"Il gioco della Verità" è un libro prezioso, perché ci permette di vedere con i nostri occhi, per così dire in presa diretta, lo spirito del `68. Come se avessimo trovato un rullino di fotografie scattate allora e lo sviluppassimo oggi, possiamo leggere questo romanzo scritto a quattro mani, giorno per giorno, quell'inverno tra 1968 e 1969, da due brillanti ventenni di solide letture e modelli (da Joyce a Kerouac, per fare due nomi). Rimasto sepolto per 50 anni, questo testo ora ci mostra qualcosa di inedito, attraverso i loro occhi. Un'esperienza rara, dato che tutto quello che è stato scritto sul 68 è stato scritto ex post, com'è ovvio.
È così forse possiamo scoprire davvero e semplicemente come in quei tempi i giovani hanno cambiato il mondo, nella ferma volontà di cambiarlo, ma prima che tutto venisse assorbito e schiacciato dall'ideologia e dalla politica, che pure non manca.
Ragazzi e ragazze per la prima volta liberi, di muoversi, di amare, di sperimentare, di consoscere la vita e se stessi, di operare delle scelte proprie. Decisi a prendersi tutto, o almeno a godersela il giusto.

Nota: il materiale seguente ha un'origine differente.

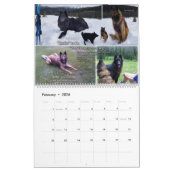 True Knight Tervuren Puppy Review Agenda 1 Kalender (Feb 2026)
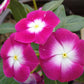 100 Pink DWARF ROSE PERIWINKLE / Vinca Rosea Flower Seeds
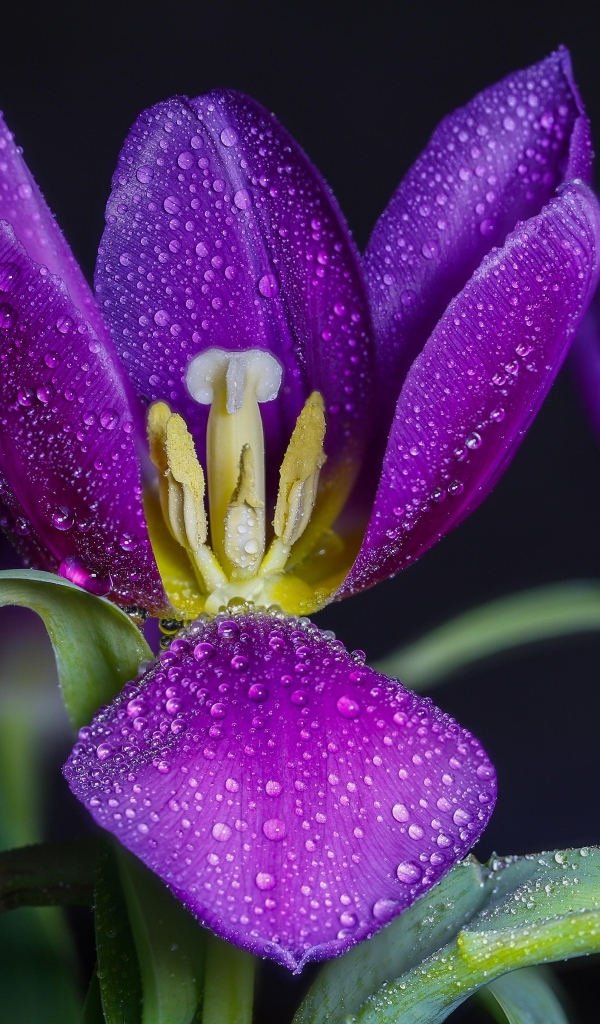 Фиолетовые тюльпаны в каплях воды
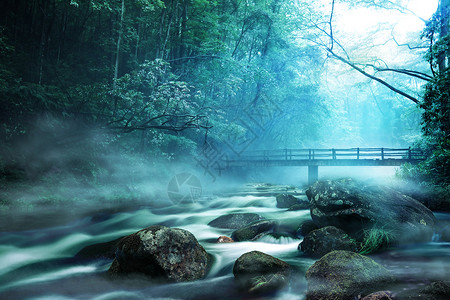 河水风景梦幻森林背景设计图片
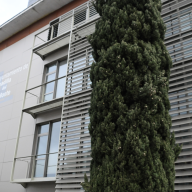 Comienzan los pagos de las ayudas municipales a la natalidad, manutención y escolarización en 2025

Il cinquantesimo anniversario del `68 ha stimolato reazioni di segno diverso, dalle banali rievocazioni - o commemorazioni - dei bei tempi che furono, delle lotte e ideologie perdute, fino al mero marketing per nostalgici ex ragazzi non cresciuti neppure alle soglie degli -anta.
Il tutto immerso in un brodo unto di retorica che ci riconsegna l'immagine di quell'anno con addosso un peso di responsabilità e storia che lo allontana da noi molto più della sua reale distanza, come se si trattasse di un passato molto più remoto. Leggete questo libro prezioso!